[Start of Attachment]
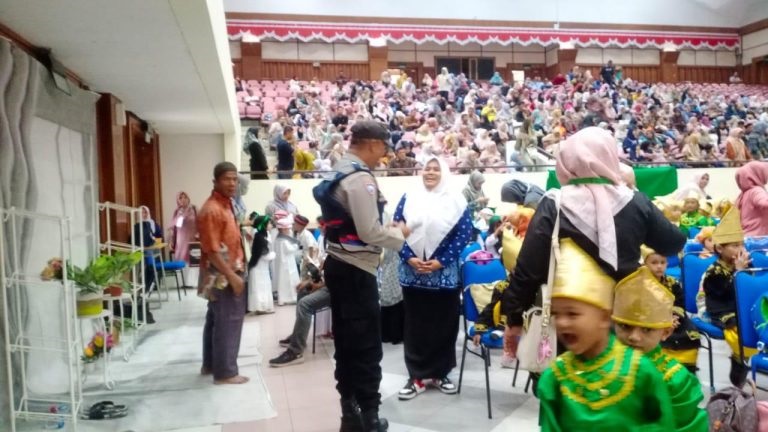 Kehadiran Polisi Di Arena Pentas Seni GTK X Disambut Meriah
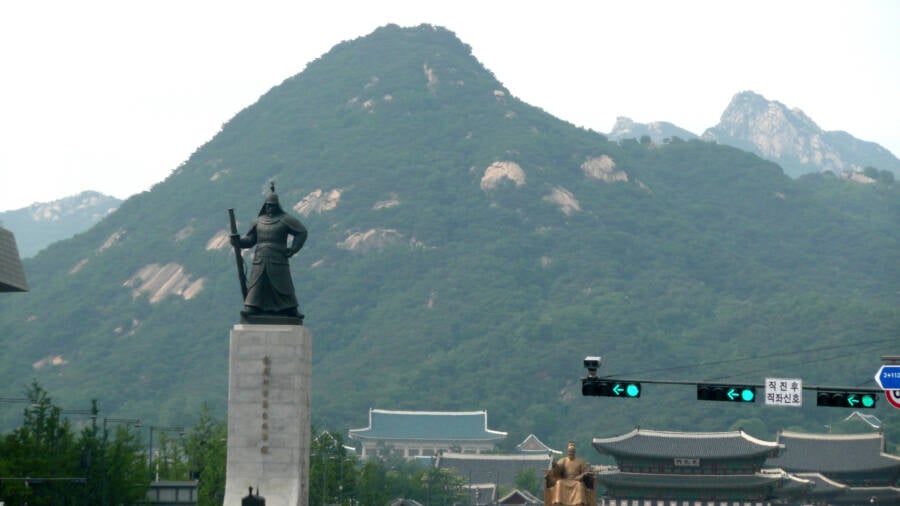 Yi Sun Sin Statue Seoul
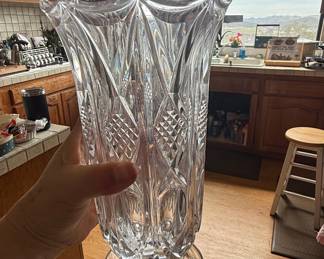The European Collection 24% Lead Crystal Vase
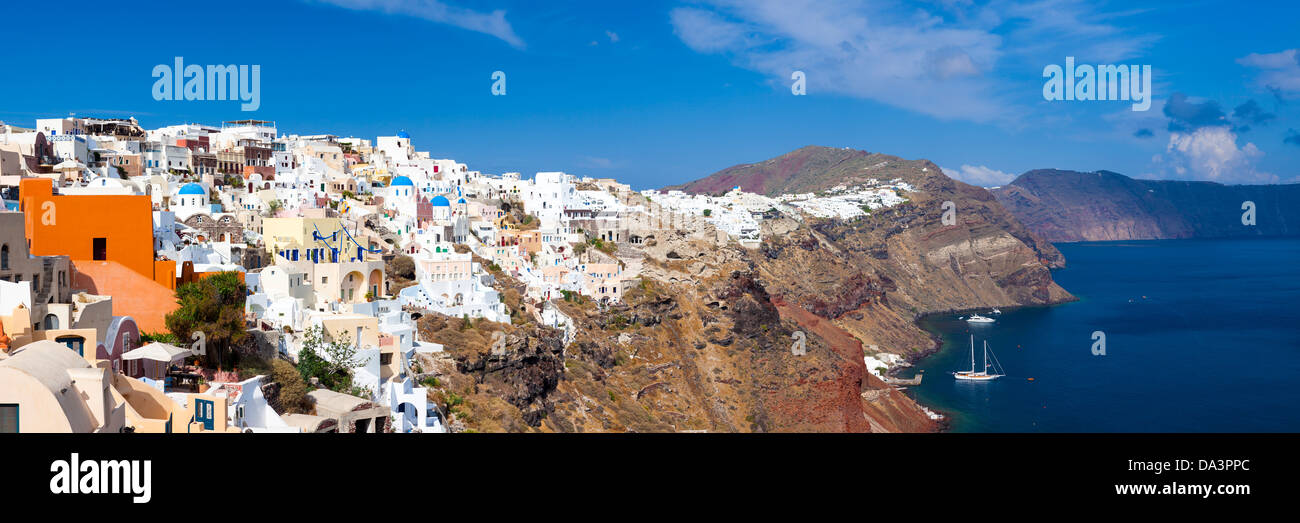 Panorama-Aufnahme von Oia Thira Insel Santorini Griechenland Stockfoto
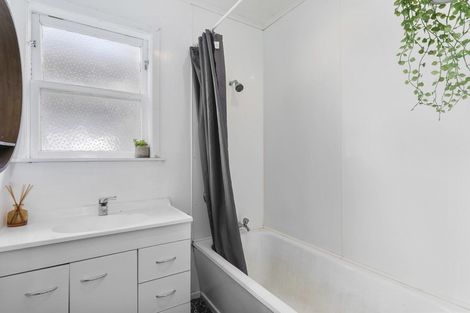 Photo of property in 79 Peel Place, Wainuiomata, Lower Hutt, 5014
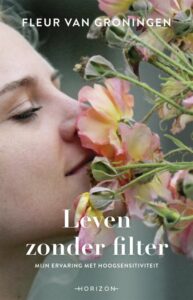 In het boek Leven zonder filter vertelt Fleur van Groningen openhartig over dat ze hoogsensitief is en wat dat voor haar betekent.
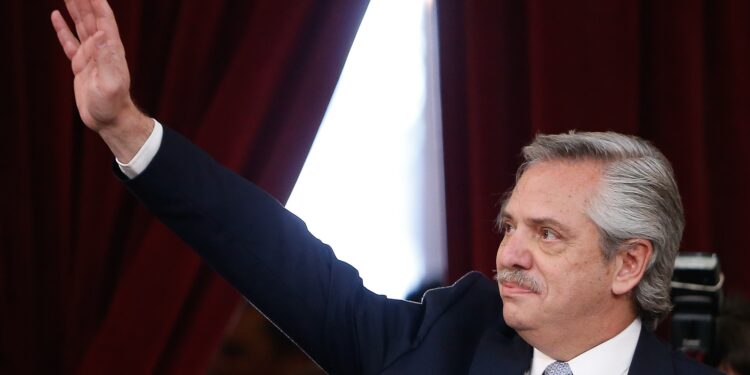 Fernandez od danas i zvanično predsednik Argentine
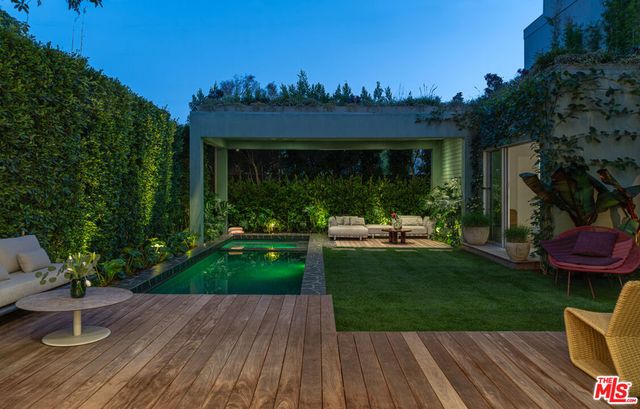 8756 Ashcroft Avenue, West Hollywood, CA 90048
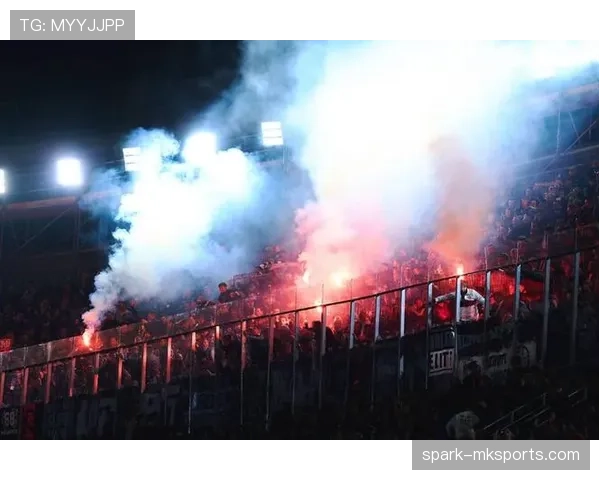 普鲁士公园热度再攀升,德甲重磅对决点燃球迷激情 普鲁士公园热度再攀升,德甲重磅对决点燃球迷激情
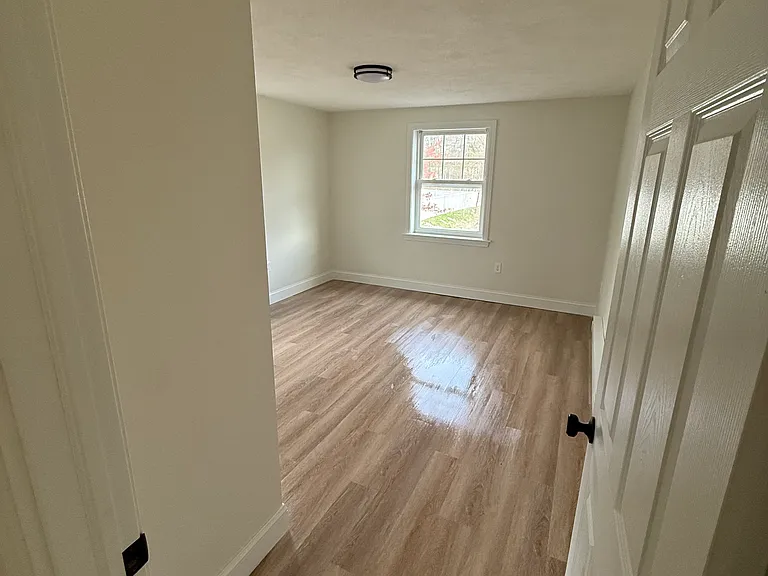 292 Smith St — Photo 6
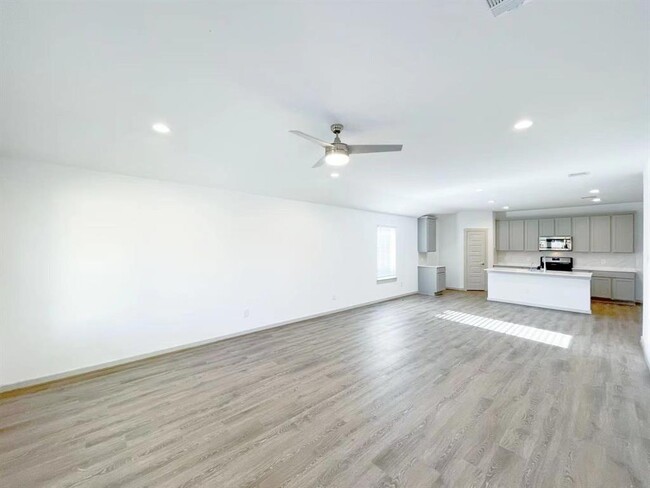 Building Photo - 18815 Oswin Haven Ln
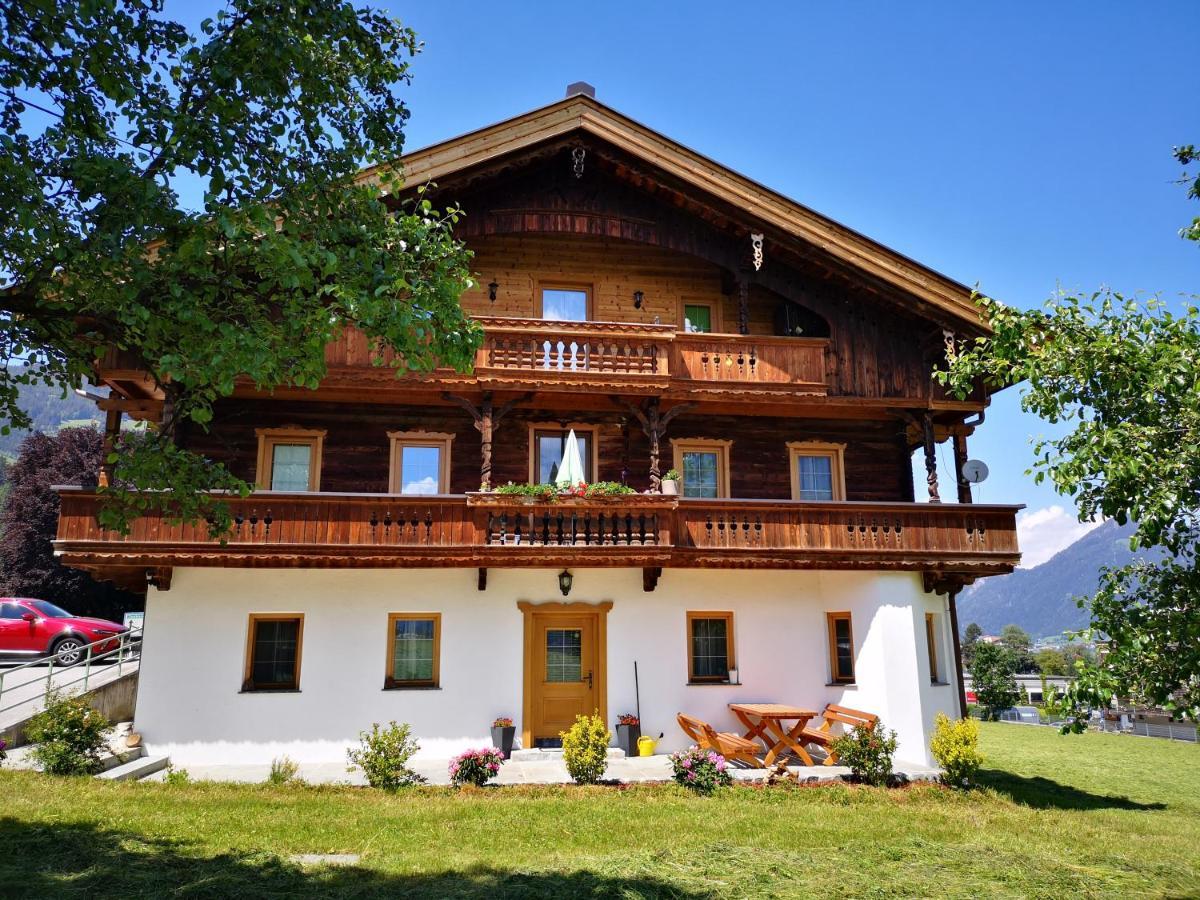 Apart Sprenger Fuegen Im Zillertal Exterior photo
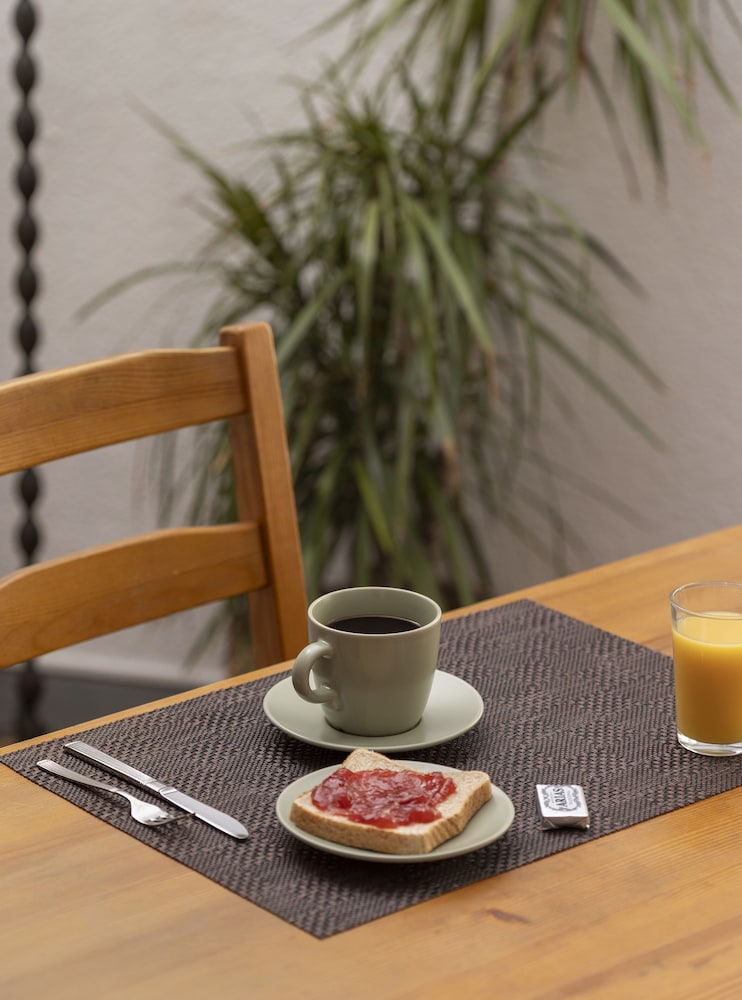 Ally's Guest House Barcelona B&B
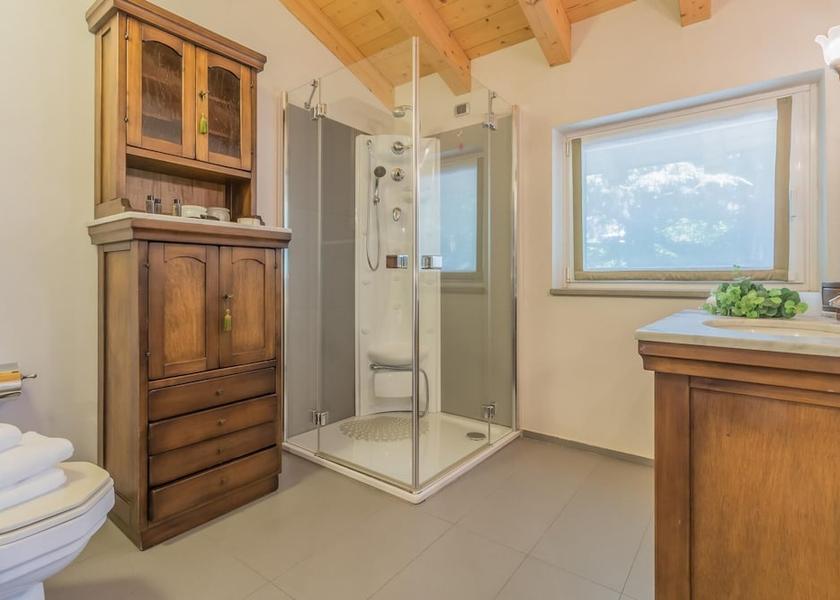 Lombardy Lierna Room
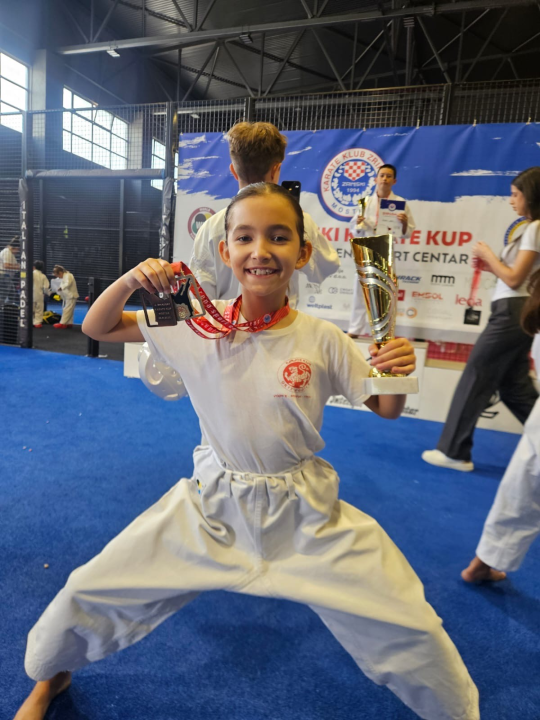 FOTO Karatašima Okita 28 medalja i drugo mjesto ekipno u Mostaru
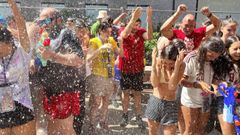 La celebraci�n ha experimentado una suerte de vuelta al origen, en el que el agua est� en manos de los propios participantes, con sus cubos y sus pistolas, los vecinos desde sus ventanas y los locales de hosteler�a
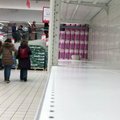 Rusai raginami paniškai nepirkti cukraus ir grikių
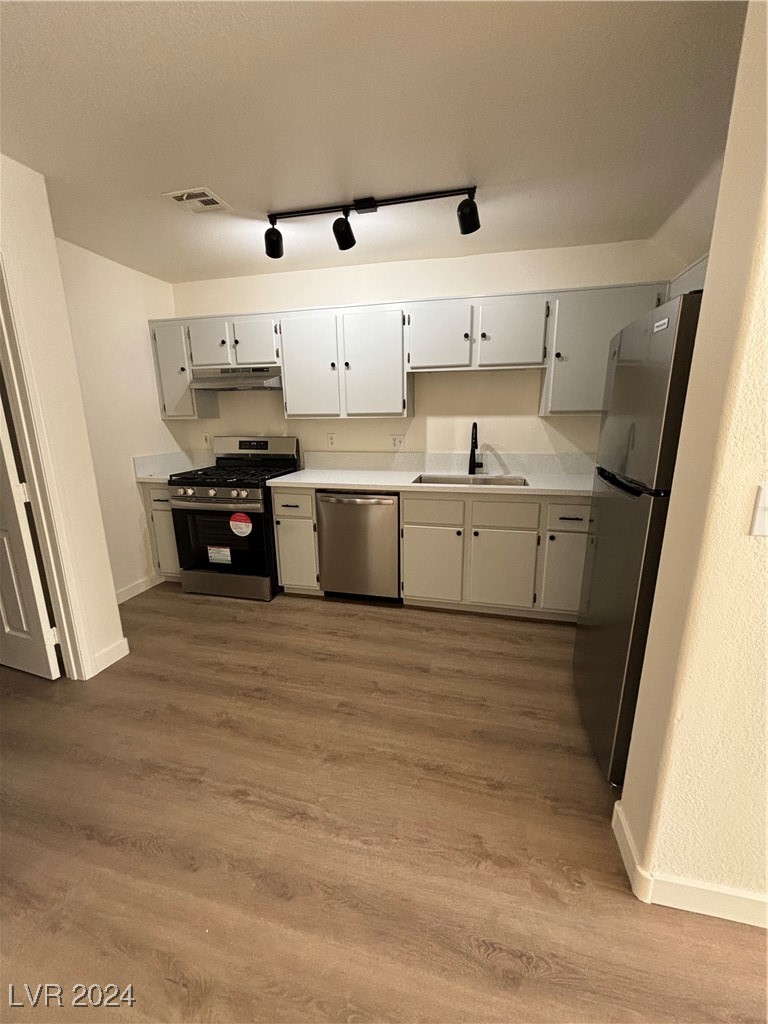 2122 Sleepy Court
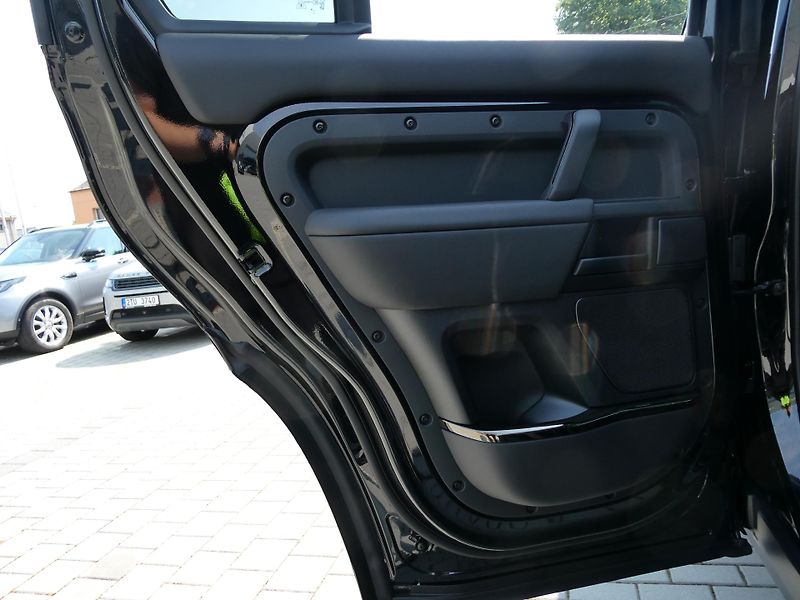 Land Rover Defender 110 4,4 OCTA P635 - fotka 16 z 44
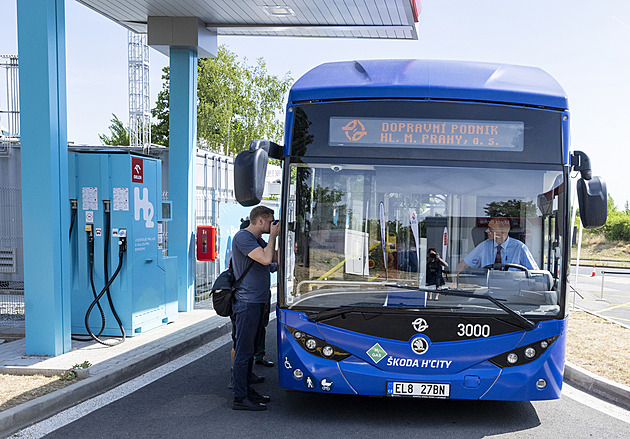 DPP stáhl autobus na vodík po čtyřech týdnech z provozu, musí se opravit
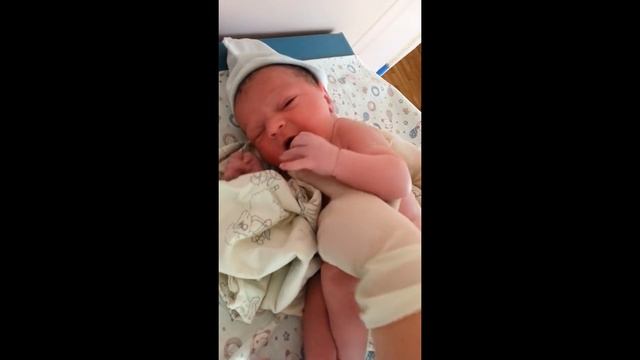 Первые часы жизни новорожденного смотреть онлайн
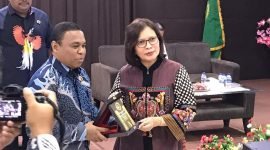 Kakanwil BPN Provinsi Papua Roy Wayoi usai memberikan cinderamata kepada Dirjen PTPP BPN, Ir. Embun Sari. (Foto: Galeri Papua/Jefri Manehat)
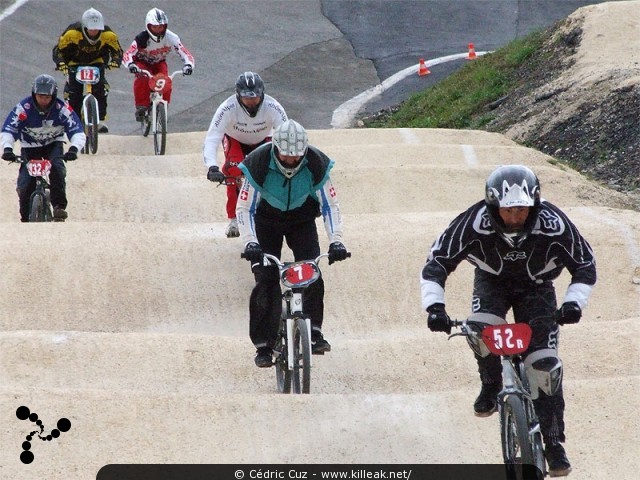 Coupe des Lacs 2009 de BMX, manche de Cran-Gevrier - le dim. 08.11.2009. 5e et avant-dernière manche de cette compétition franco-suisse de BMX. – « Coupe des Lacs 2009 de BMX, manche de Cran-Gevrier » – 5e manche de la Coupe des Lacs sur la piste de bicross de Cran-Gevrier. – mots associés : bmx, coupe des lacs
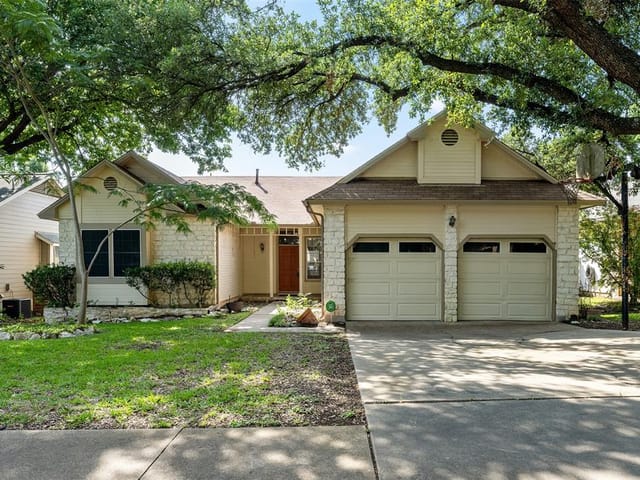 9407 Roxanna Dr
[End of Attachment]
--- What is expected ---
Only the lines from the beginning of the listing up to and including the line with "Fernandez od danas" should appear in the reply, copied word for word and free of pictures.

--- Answer to this exercise ---
 Kehadiran Polisi Di Arena Pentas Seni GTK X Disambut Meriah
 Yi Sun Sin Statue Seoul
The European Collection 24% Lead Crystal Vase
 Panorama-Aufnahme von Oia Thira Insel Santorini Griechenland Stockfoto
 Photo of property in 79 Peel Place, Wainuiomata, Lower Hutt, 5014
 In het boek Leven zonder filter vertelt Fleur van Groningen openhartig over dat ze hoogsensitief is en wat dat voor haar betekent.
 Fernandez od danas i zvanično predsednik Argentine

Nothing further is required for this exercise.